Monthly Archives: January 2014

What Match.com Taught Me

Part 1: Insecurity

Disclaimer: Before I continue on, it needs to be noted that I know many people that have had success at online dating. My intent is NOT to bash online dating, make people feel insecure, etc. I’m simply going to share my story. If I offend you, please contact me and let’s talk it out!

So, I tried online dating. For a short period of time. And I was “unsuccessful.” I put that in quotes because I didn’t meet someone to pursue a relationship with; however, I did learn A LOT, so that part I think is a success. The first, and probably biggest, lesson I learned was about insecurity.

Online dating can be insecurity’s biggest friend if we let it be. (Also, English/Spelling people…I used that apostrophe on purpose. Back off.) I don’t know how it works with other online dating sights, but with match.com you are able to see who has viewed your profile, how many times your profile has been viewed, and for a small fee, if someone has read the email you’ve sent them. I was too cheap to pay the extra for the email notification, but the other info comes with the base package.

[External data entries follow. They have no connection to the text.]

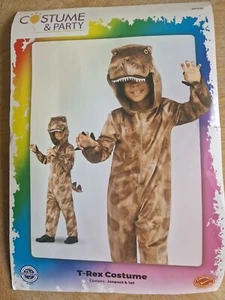 Childs T Rex Dinosaur Fancy Dress Costume Dinomite Halloween Book Day Kids 4-6yr - Picture 1 of 8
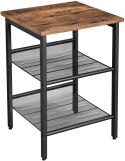 STOLIK Z PÓŁKAMI LOFT, CZARNY, METALOWY, 40 cm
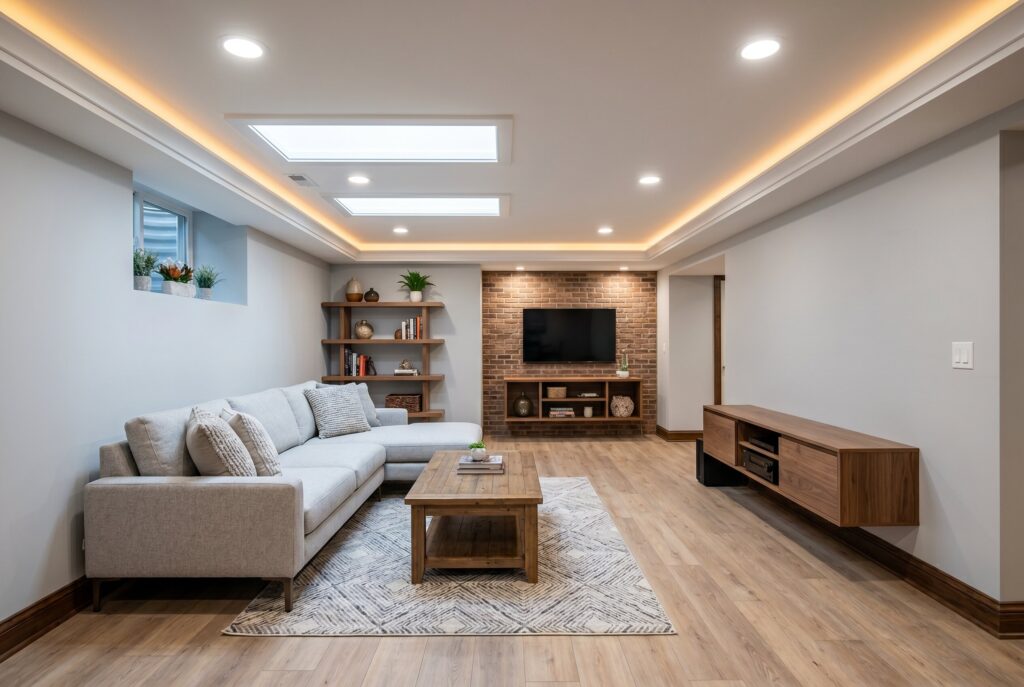 Basement family room with circadian rhythm lighting and recessed faux skylight ceiling.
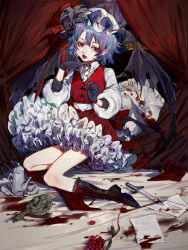 Rule 34 | 1girl, alternate costume, bat wings, bed, bed sheet, black flower, black footwear, black gloves, blood, blood on clothes, boots, bow, cross-laced footwear, cup, curtains, flower, frills, full body, gloves, hair flower, hair ornament, hand mirror, hat, hat ribbon, highres, knife, lace-up boots, lipstick, long sleeves, looking at viewer, makeup, mirror, mob cap, painting (action), portrait, portrait (object), puffy long sleeves, puffy sleeves, red eyes, red lips, remilia scarlet, ribbon, shirt, short hair, skirt, skirt set, solo, tea set, teacup, teapot, tian (my dear), touhou, wings
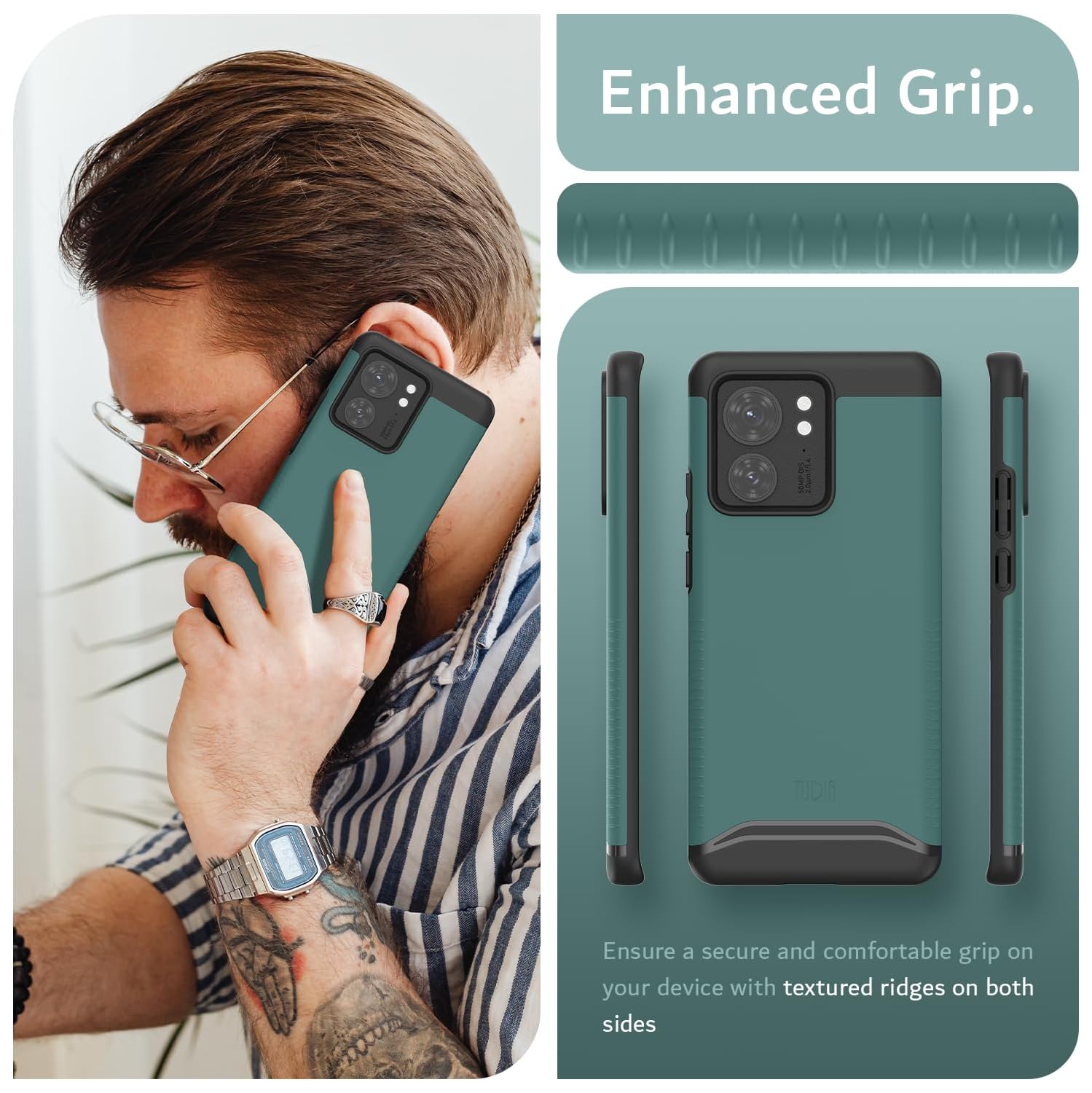 Étui double couche Merge de TUDIA pour Motorola Edge 2023 - Vert chasseur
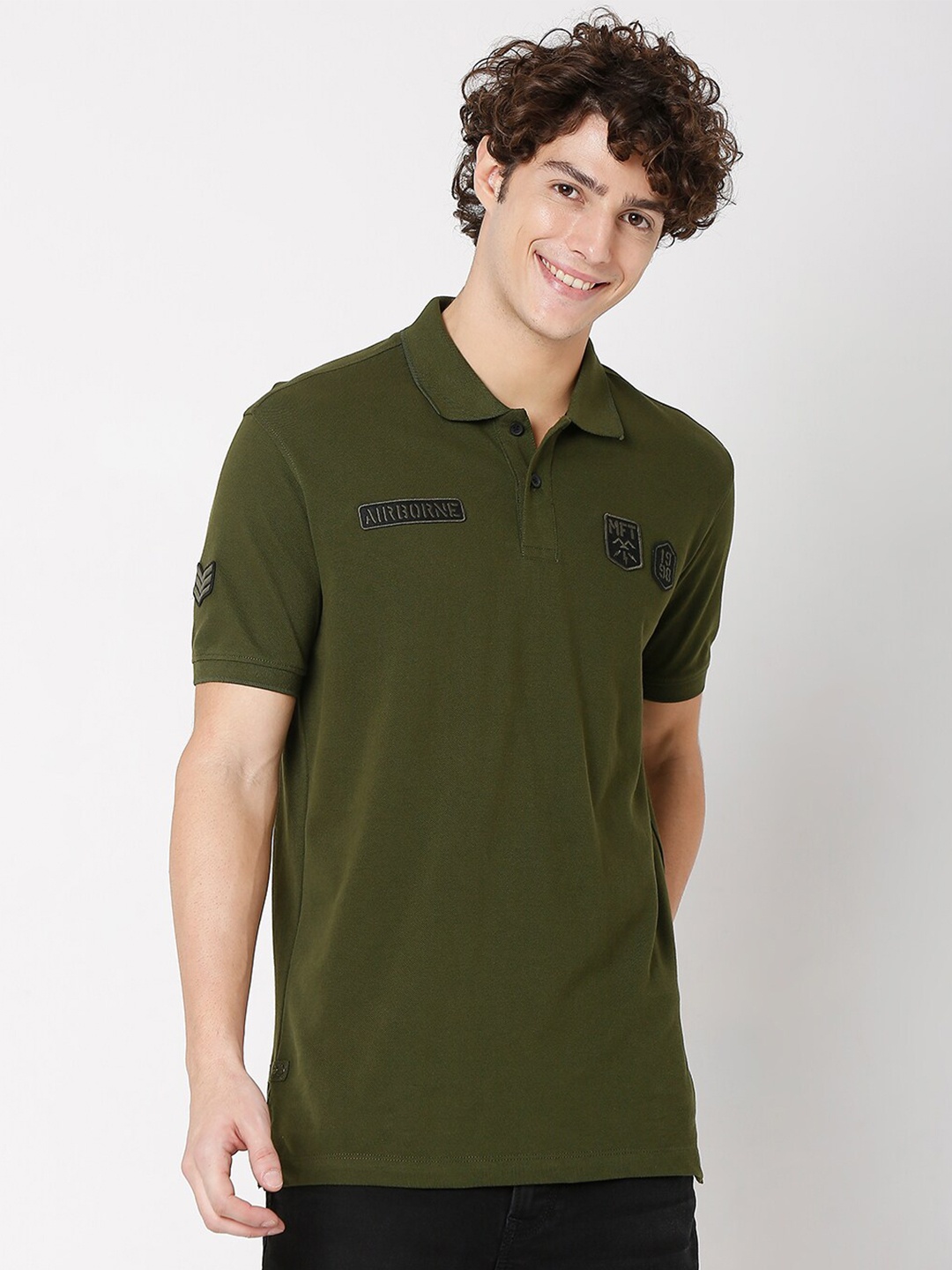 

Mufti Men Olive Green Polo Collar Slim Fit T-shirt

I would view a guy’s profile, wait a couple days, maybe send a wink, and if I saw he’d viewed mine, I’d get a little excited. Especially if he was wearing camo in any of his pictures.

More times than not, I never received a “like”, “wink”, or email from the 225 guys that looked at my digital personality.

At the onset of this venture, when the viewers were closer to 15, I started to question myself. At one point I even said to a friend, I’m just not sure that I’ll find anyone that is interested in someone like me (or a version of that statement). I had let the not-so-friendly voice of insecurity creep into my head and tell me I wasn’t good enough, I wasn’t pretty enough, I wasn’t feminine enough, that a guy couldn’t possibly like a girl that enjoys softball and deer hunting.

I let a website tell me that how God had designed me was wrong.

Enter: Truth.

“For you formed my inward parts; you knitted me together in my mother’s womb. I praise you, for I am fearfully and wonderfully made. Wonderful are your works; my soul knows it very well.”-Psalm 139:13-14

Being a female that has grown up in the church, I’ve heard these verses quoted WWWAAAYYY too many times. I think it’s our go-to verse for girls, because let’s face it, we all struggle with self-confidence in some way or another.

The kicker for me is that, while I know this verse I don’t always believe it. If my soul truly knew this truth very well, I wouldn’t let a click on a profile bother me as much as it did. It should also be noted that my profile said something along the lines of, “if you don’t love Jesus, don’t bother.” That could have prevented a lot of further inquiry. More on that next week. 🙂

My prayer for us today, and this coming week, is that we will know it very well that God has created us to be exactly what we are supposed to be. That no man, woman, child, etc. will dictate our worth or rattle our identity in Christ.

Question: Has the world wide interwebs ever revealed insecurity in you?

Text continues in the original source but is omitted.